▸ **Instructions for the task**: Copy the complete listing word for word, but do not carry over any images.

▸ **Dataset extract**:
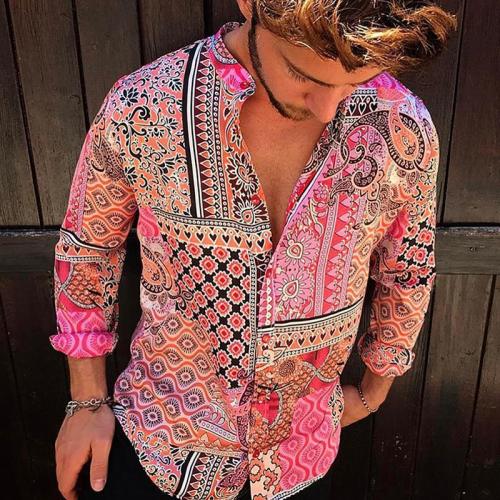 Men'S Casual Vintage Printing Thin Section Blouse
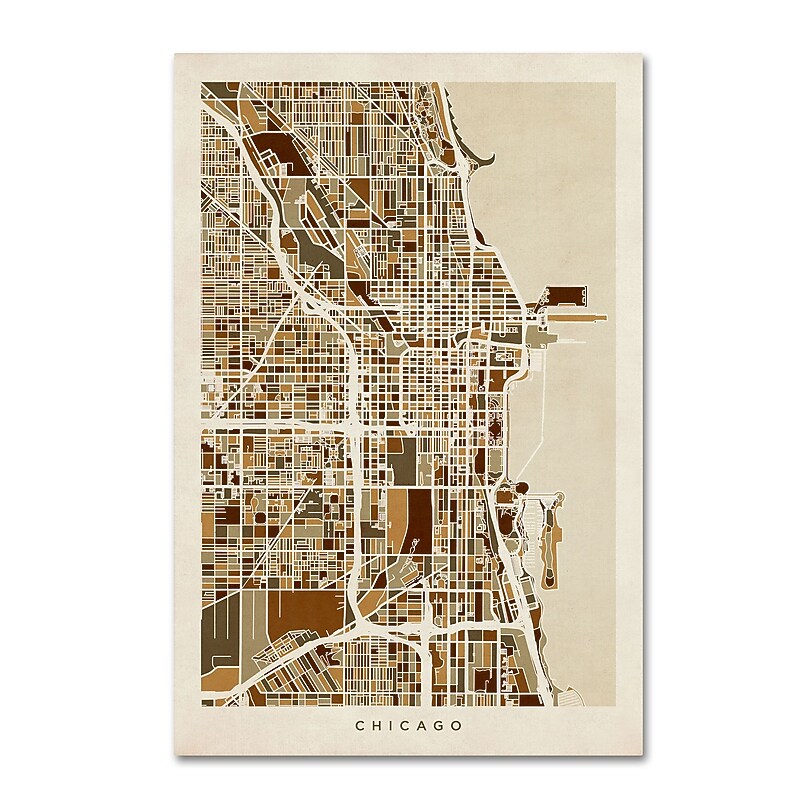 Trademark Fine Art ''Chicago City Street Map'' by Michael Tompsett 30" x 47" Canvas Art (MT0670-C3047GG) image 1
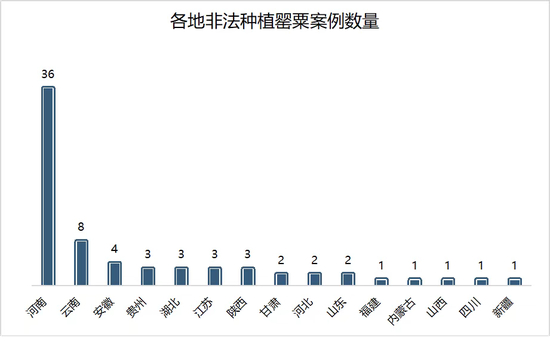  各地非法种植罂粟案例数量分布。 数据来源：裁判文书网公布的2020年1月至2021年4月宣判案例&nbsp;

▸ **Response to this exercise**:
 Men'S Casual Vintage Printing Thin Section Blouse
 Trademark Fine Art ''Chicago City Street Map'' by Michael Tompsett 30" x 47" Canvas Art (MT0670-C3047GG) image 1
  各地非法种植罂粟案例数量分布。 数据来源：裁判文书网公布的2020年1月至2021年4月宣判案例&nbsp;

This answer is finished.